>>>>>
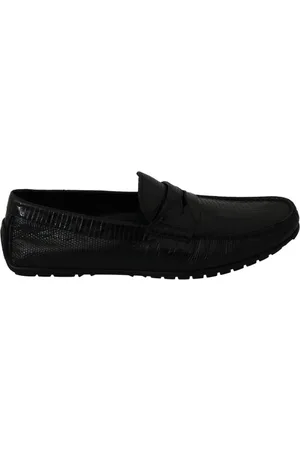 Dolce & Gabbana Hagedis Lederen Platte Loafers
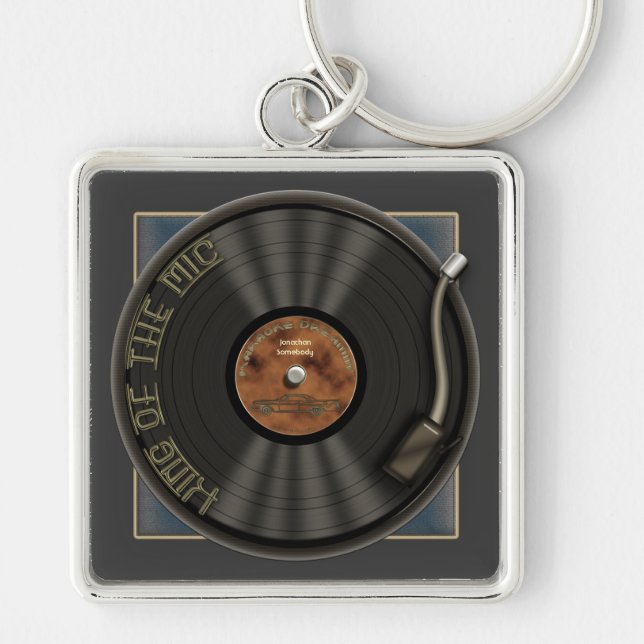 Chaveiro do prêmio do registro de vinil de LP do (Frente)
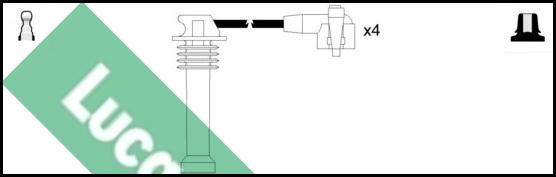 LUCAS LUC4190 - Комплект проводів запалювання avtolavka.club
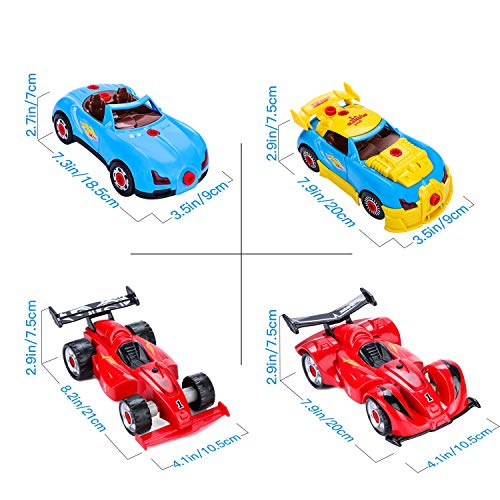 image for Take Apart Racing Cars Toys,Vimpro Build Your Own Toy Racer Car STEM T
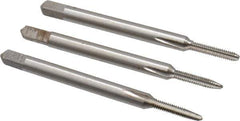 Interstate - #2-56 UNC, 3 Flute, Bottoming, Plug & Taper, Bright Finish, High Speed Steel Tap Set - 1-3/4" OAL, 7/16" Thread Length - Best Tool & Supply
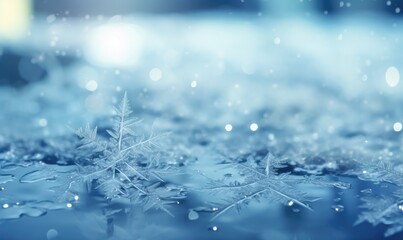 Fototapeta na wymiar A winter background made of snowflakes (Generative Ai)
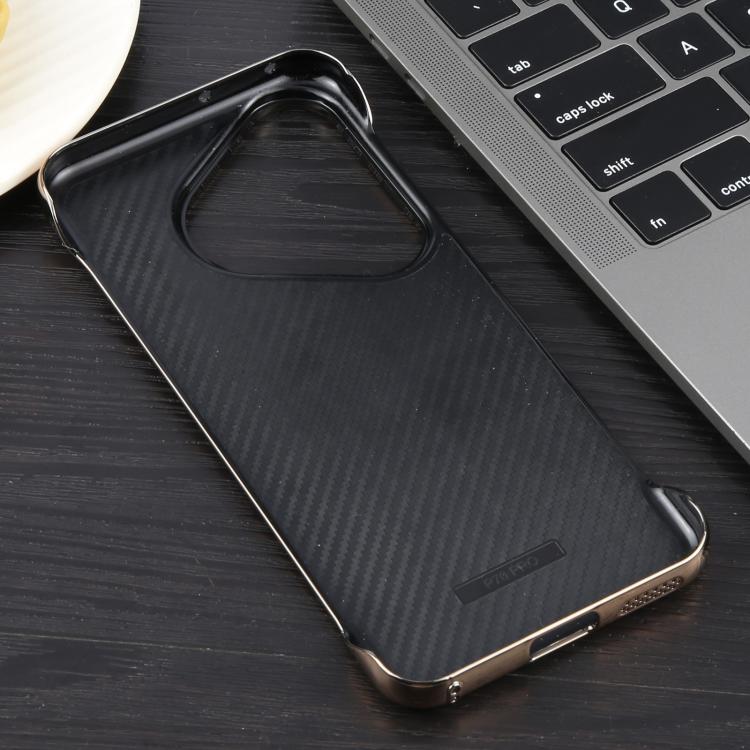 For Huawei Pura 70 Pro / 70 Pro+ Electroplating Frameless Frosted Anti-Glare PC MagSafe Phone Case(Desert Gold) - Huawei Cases by buy2fix | Online Shopping UK | buy2fix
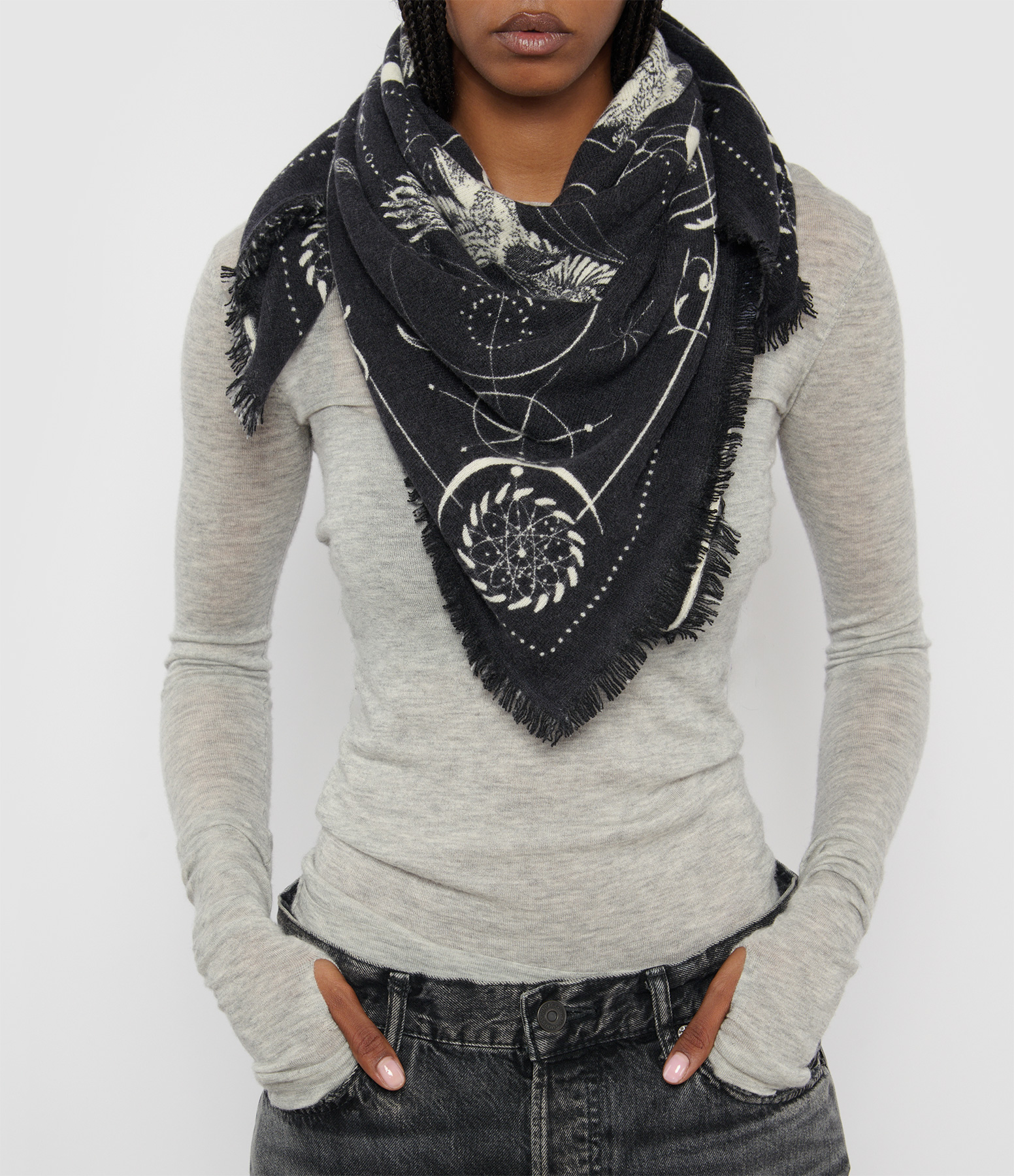 Hiloki Black Scarf, Dr Woo x Kujten Collaboration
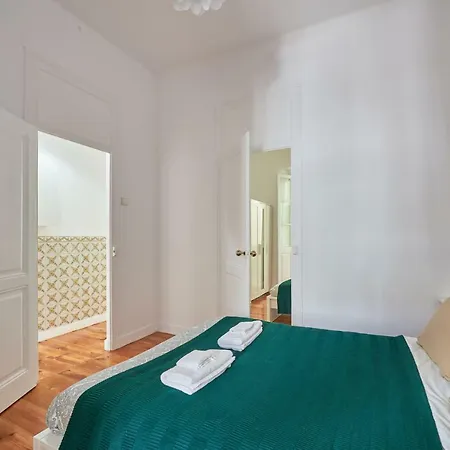 B15-azulejo Verde Ribeiro Apartamento * Lisbona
<<<<<
▶ [WHAT YOU SHOULD DO]
With the pictures removed, set down the entire listing exactly.

▶ [TASK OUTPUT]
 Dolce & Gabbana Hagedis Lederen Platte Loafers
 Chaveiro do prêmio do registro de vinil de LP do (Frente)
 LUCAS LUC4190 - Комплект проводів запалювання avtolavka.club
 image for Take Apart Racing Cars Toys,Vimpro Build Your Own Toy Racer Car STEM T
 Interstate - #2-56 UNC, 3 Flute, Bottoming, Plug & Taper, Bright Finish, High Speed Steel Tap Set - 1-3/4" OAL, 7/16" Thread Length - Best Tool & Supply
 Fototapeta na wymiar A winter background made of snowflakes (Generative Ai)
 For Huawei Pura 70 Pro / 70 Pro+ Electroplating Frameless Frosted Anti-Glare PC MagSafe Phone Case(Desert Gold) - Huawei Cases by buy2fix | Online Shopping UK | buy2fix
 Hiloki Black Scarf, Dr Woo x Kujten Collaboration
 B15-azulejo Verde Ribeiro Apartamento * Lisbona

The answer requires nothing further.